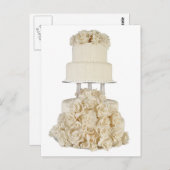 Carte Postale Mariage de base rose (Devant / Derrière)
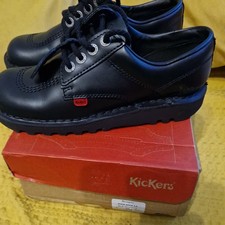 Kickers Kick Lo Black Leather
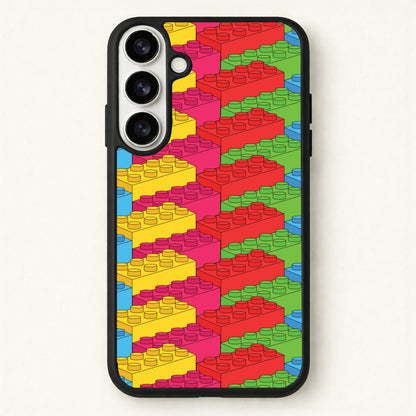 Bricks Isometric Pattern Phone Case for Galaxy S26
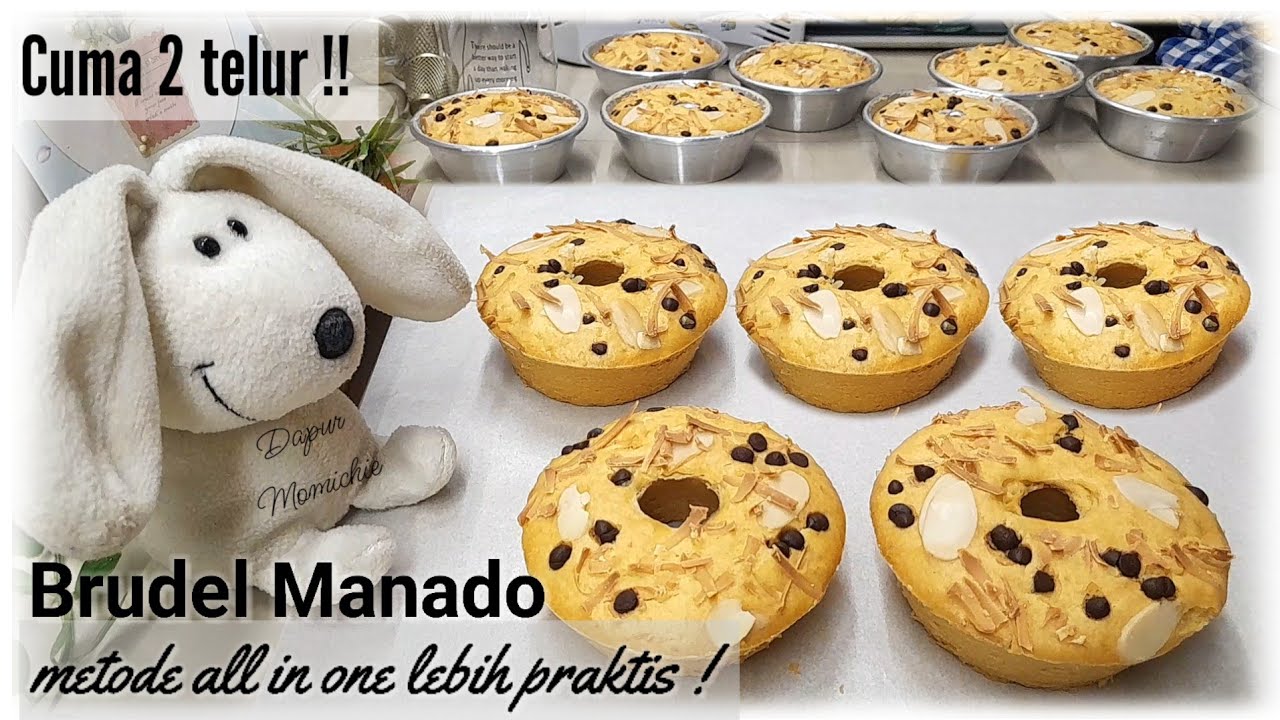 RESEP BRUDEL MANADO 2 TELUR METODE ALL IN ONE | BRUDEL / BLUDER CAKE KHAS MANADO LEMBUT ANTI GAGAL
────────────────────────────────────────
## [TRY IT]
When you reach the line that contains "Bricks Isometric Pattern", start copying the listing word for word and stop only after its last line, without any pictures.

## [TASK ANSWER]
 Bricks Isometric Pattern Phone Case for Galaxy S26
 RESEP BRUDEL MANADO 2 TELUR METODE ALL IN ONE | BRUDEL / BLUDER CAKE KHAS MANADO LEMBUT ANTI GAGAL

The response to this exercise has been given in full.